# Dataset records
* * * * * * * * *

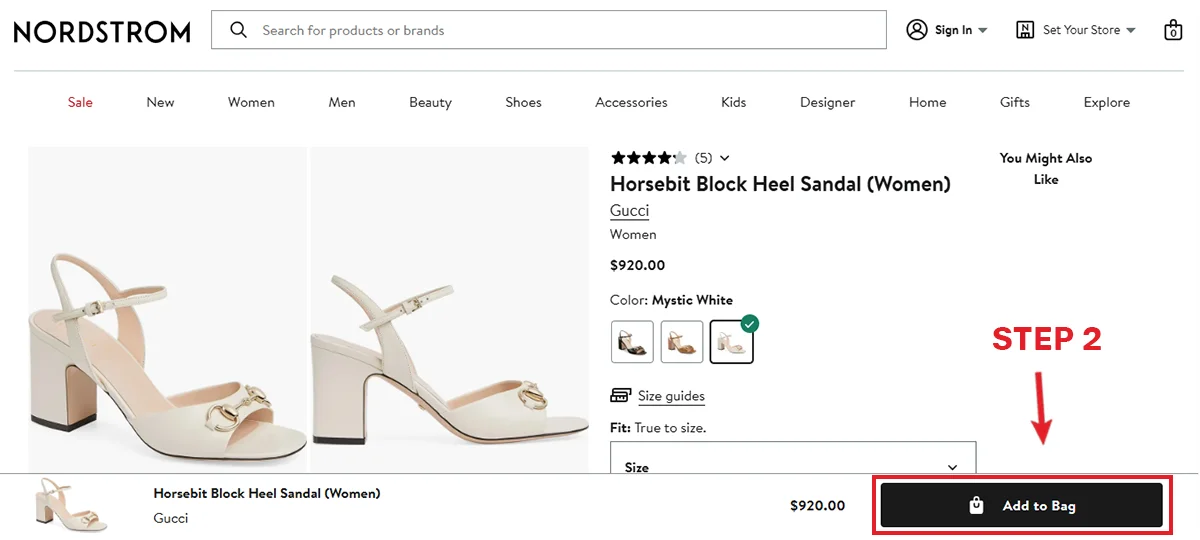 Step 2: Shop at Nordstrom USA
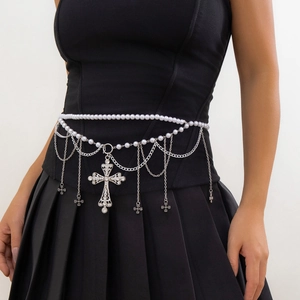 Retro multi-layer pearl body chain with silver cross pendants for waist decoration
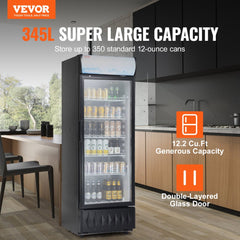 Commercial Merchandiser Refrigerator, 12.2 Cu.Ft / 345L Beverage Refrigerator Cooler Merchandiser, Glass Door Display Refrigerator Upright Fridge with 5 Adjustable Shelves, Customizable Lightbox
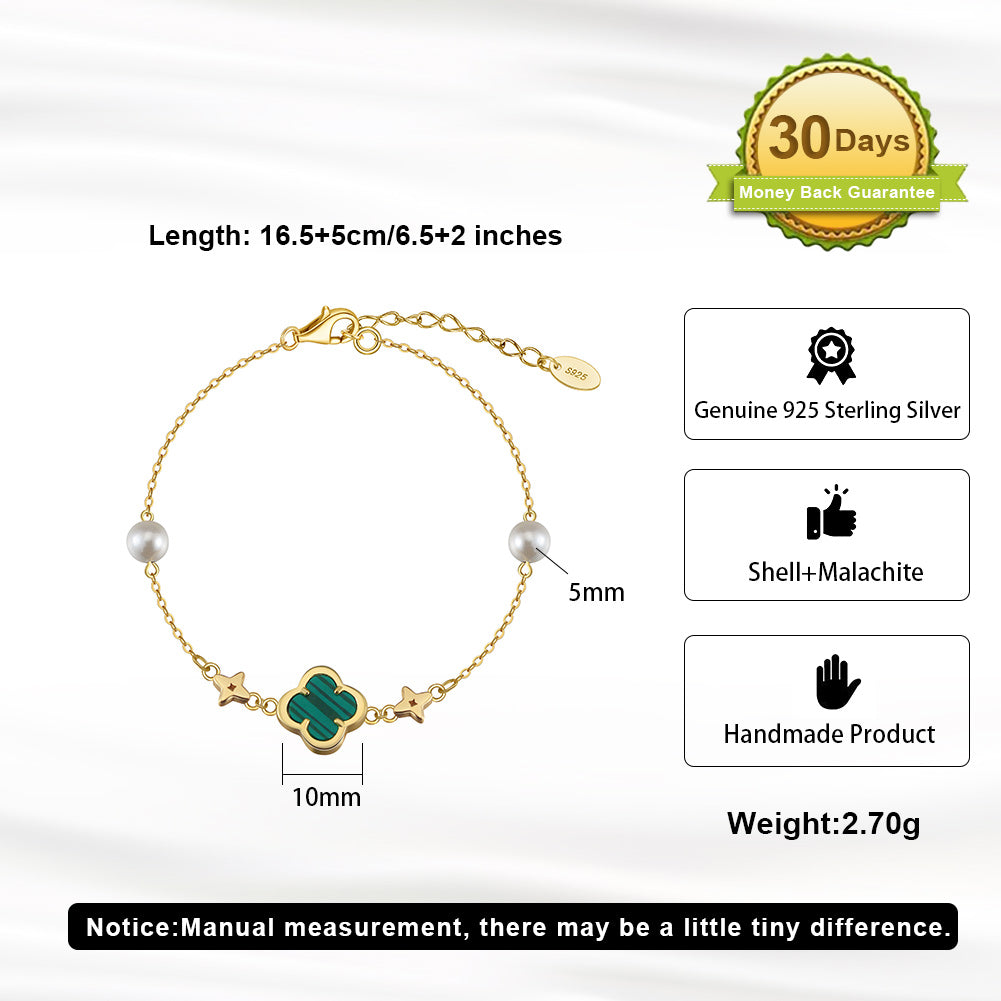 Shell Pearls Malachite 14K Gold Plated 925 Sterling Silver Double Shell Pearl Four-leaf Clover Bracelet
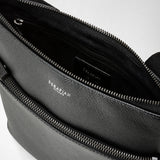 Flat crossbody bag in evoluzione leather - eclipse black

* * * * * * * * *

# What is expected
Everything in the material above must be repeated exactly, apart from its pictures.

# Output
 Step 2: Shop at Nordstrom USA
 Retro multi-layer pearl body chain with silver cross pendants for waist decoration
 Commercial Merchandiser Refrigerator, 12.2 Cu.Ft / 345L Beverage Refrigerator Cooler Merchandiser, Glass Door Display Refrigerator Upright Fridge with 5 Adjustable Shelves, Customizable Lightbox
 Shell Pearls Malachite 14K Gold Plated 925 Sterling Silver Double Shell Pearl Four-leaf Clover Bracelet
 Flat crossbody bag in evoluzione leather - eclipse black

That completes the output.